INSTRUCTIONS FOR THE TASK -> Look for the line with "Ilustración editorial de"; please transcribe it and every later line in the entries exactly, up to the end, leaving pictures out.

++++++++++++++++++++

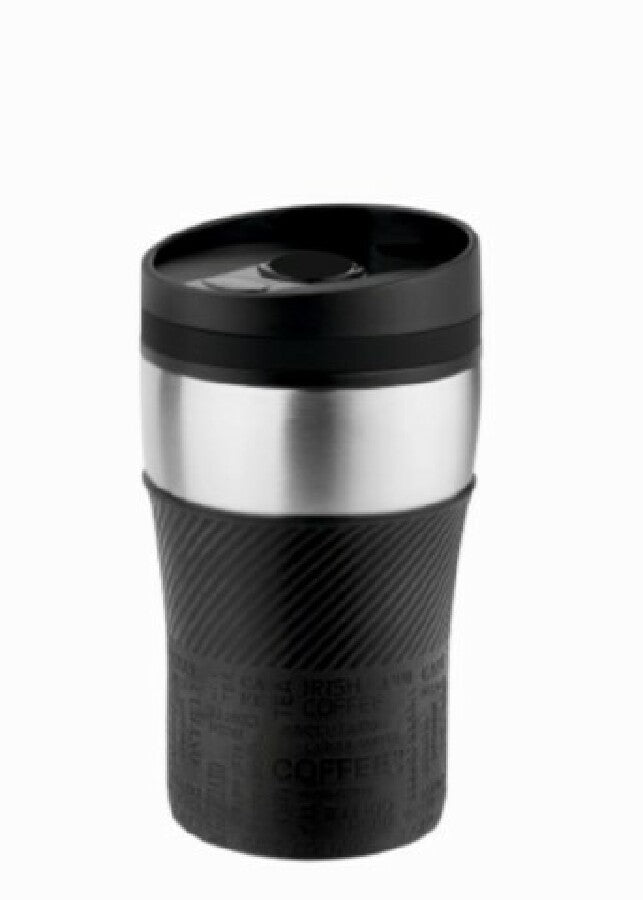 Thermobecher "CremaOfficina"  silber/Manschette schwarz/Ring schwarz – schwarz – Bild 1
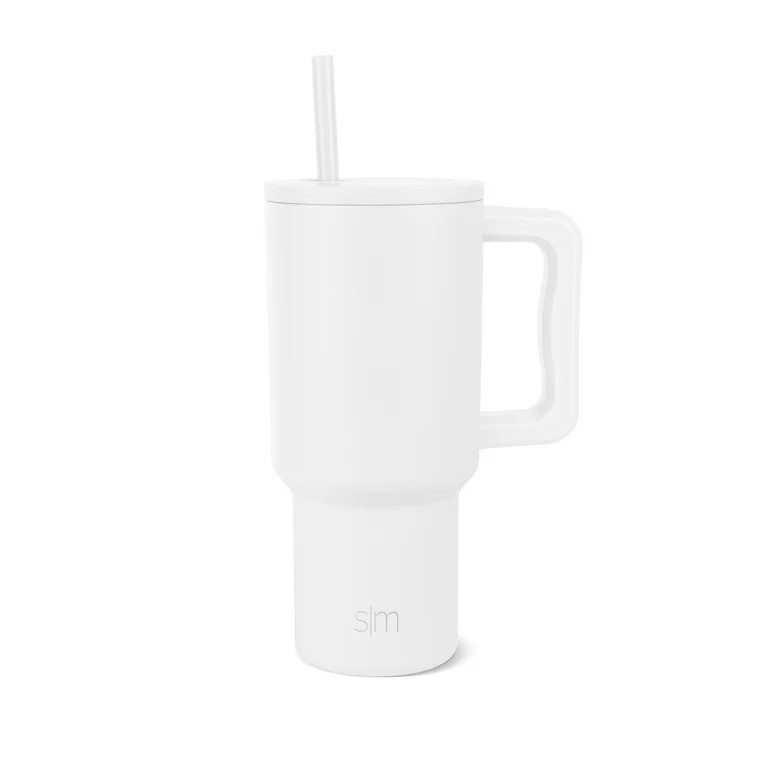 Simple Modern 30 fl oz Insulated Stainless Steel Trek Tumbler with Straw Lid|Winter White | Walmart (US)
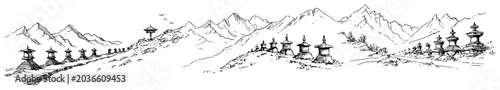 Photos Buddhist stupas along mountain path in Himalayan landscape in hand drawn sketch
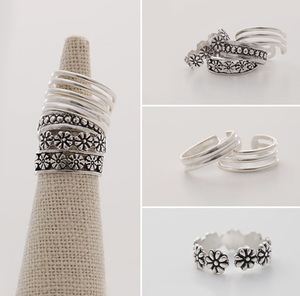 Damen sommer schmuck silber überzogene vintage kappe fuß <span class=keywords><strong>finger</strong></span> <span class=keywords><strong>ring</strong></span> - Product Image 3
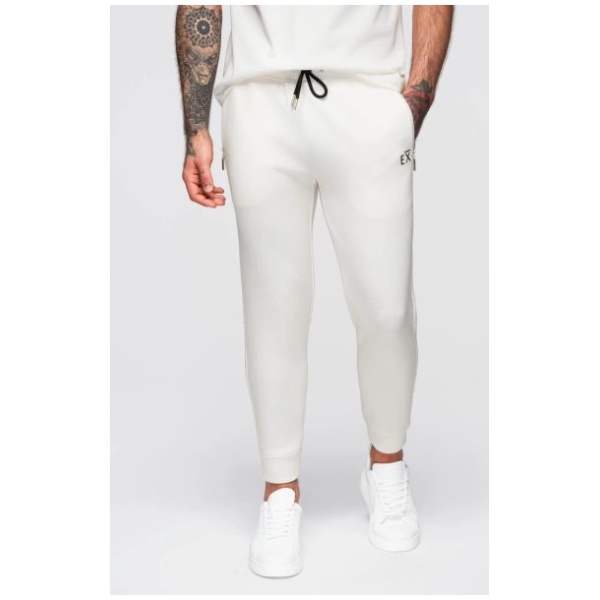 Trendy tepláky pre mužov biele V2 OM-PASK-0223 - XL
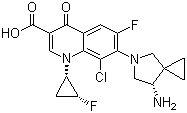 结构式 CAS# 127254-11-9, 7-[(7S)-7-氨基-5-氮杂螺[2.4]庚烷-5-基]-8-氯-6-氟-1-[(1S,2R)-2-氟环丙基]-1,4-二氢-4-氧代-3-喹啉甲酸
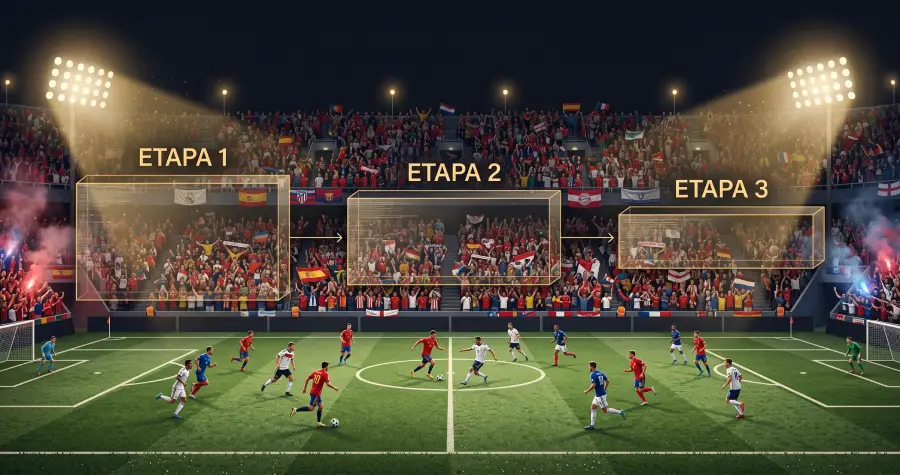 Ilustración editorial de un campo de fútbol iluminado de noche con un gráfico dorado que resume el camino al título de la Nations League 2026/27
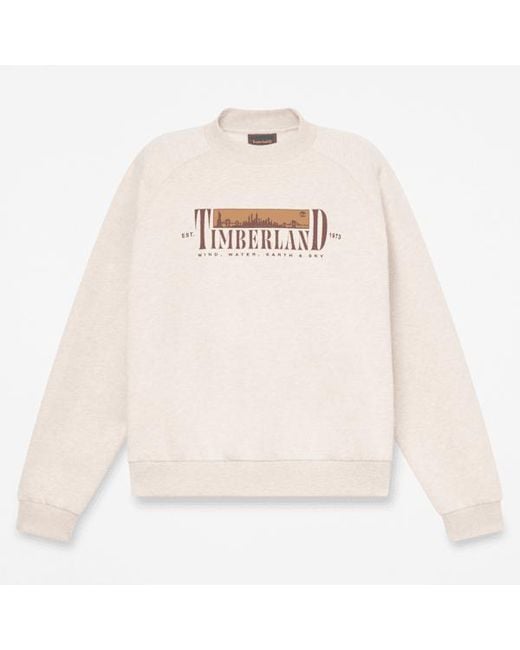 Timberland White Brushed Back Graphic Crew Sweatshirt For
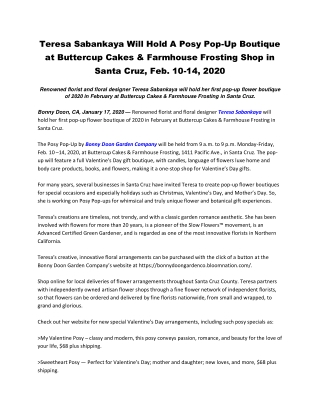 Teresa Sabankaya Will Hold A Posy Pop-Up Boutique at Buttercup Cakes & Farmhouse Frosting Shop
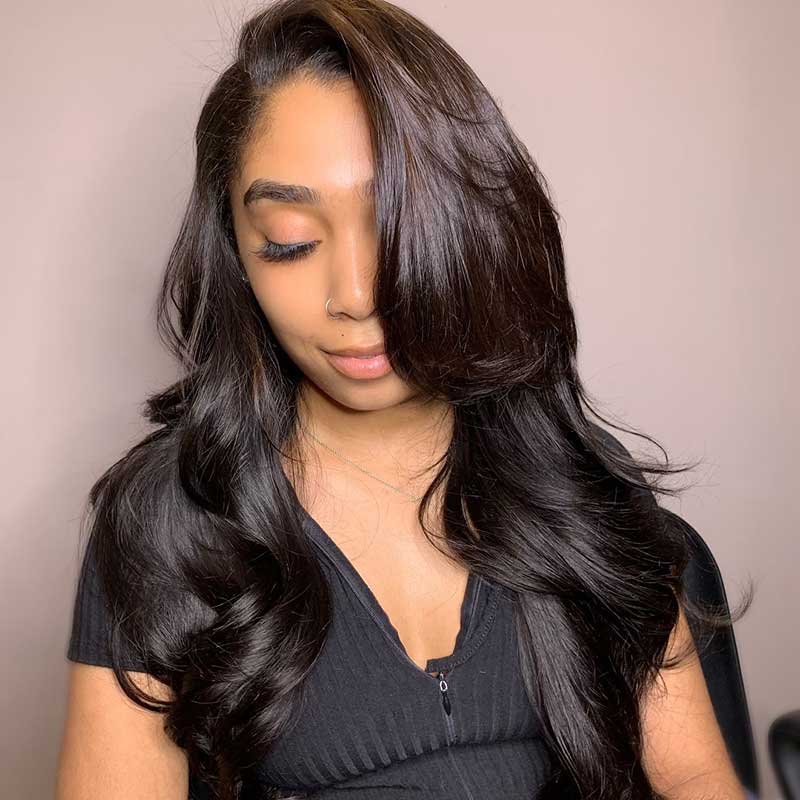 HoomyHair 13x4 Lace Front Wig Wavy Undetectable Skin Melt Human Hair Lace Wig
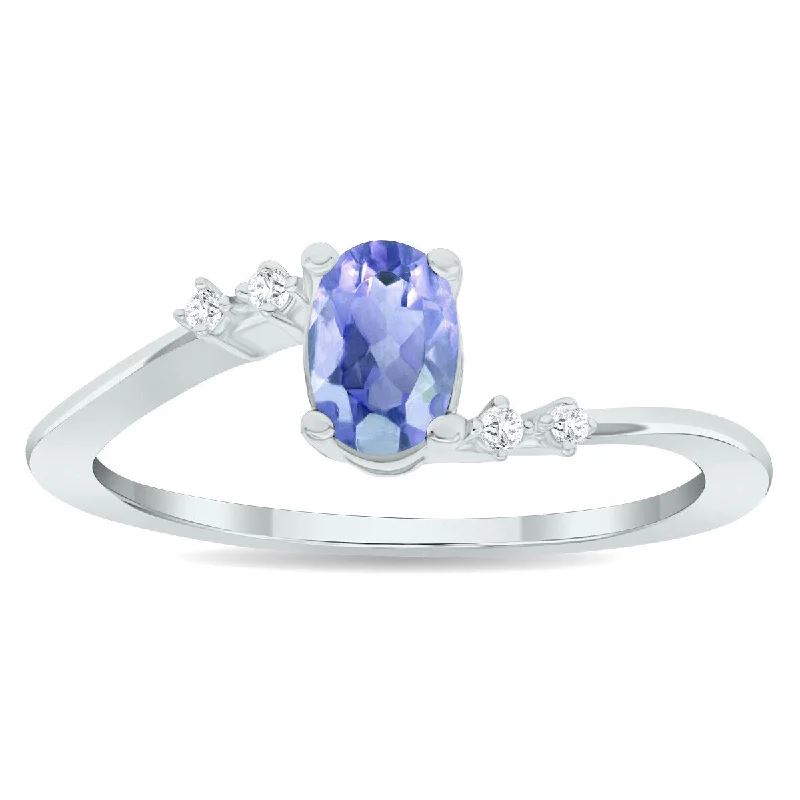 Women’s carved ring-Women's Tanzanite and Diamond Tierra Ring in 10K White Gold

++++++++++++++++++++

ANSWER ->
 Ilustración editorial de un campo de fútbol iluminado de noche con un gráfico dorado que resume el camino al título de la Nations League 2026/27
 Timberland White Brushed Back Graphic Crew Sweatshirt For
 Teresa Sabankaya Will Hold A Posy Pop-Up Boutique at Buttercup Cakes & Farmhouse Frosting Shop
 HoomyHair 13x4 Lace Front Wig Wavy Undetectable Skin Melt Human Hair Lace Wig
 Women’s carved ring-Women's Tanzanite and Diamond Tierra Ring in 10K White Gold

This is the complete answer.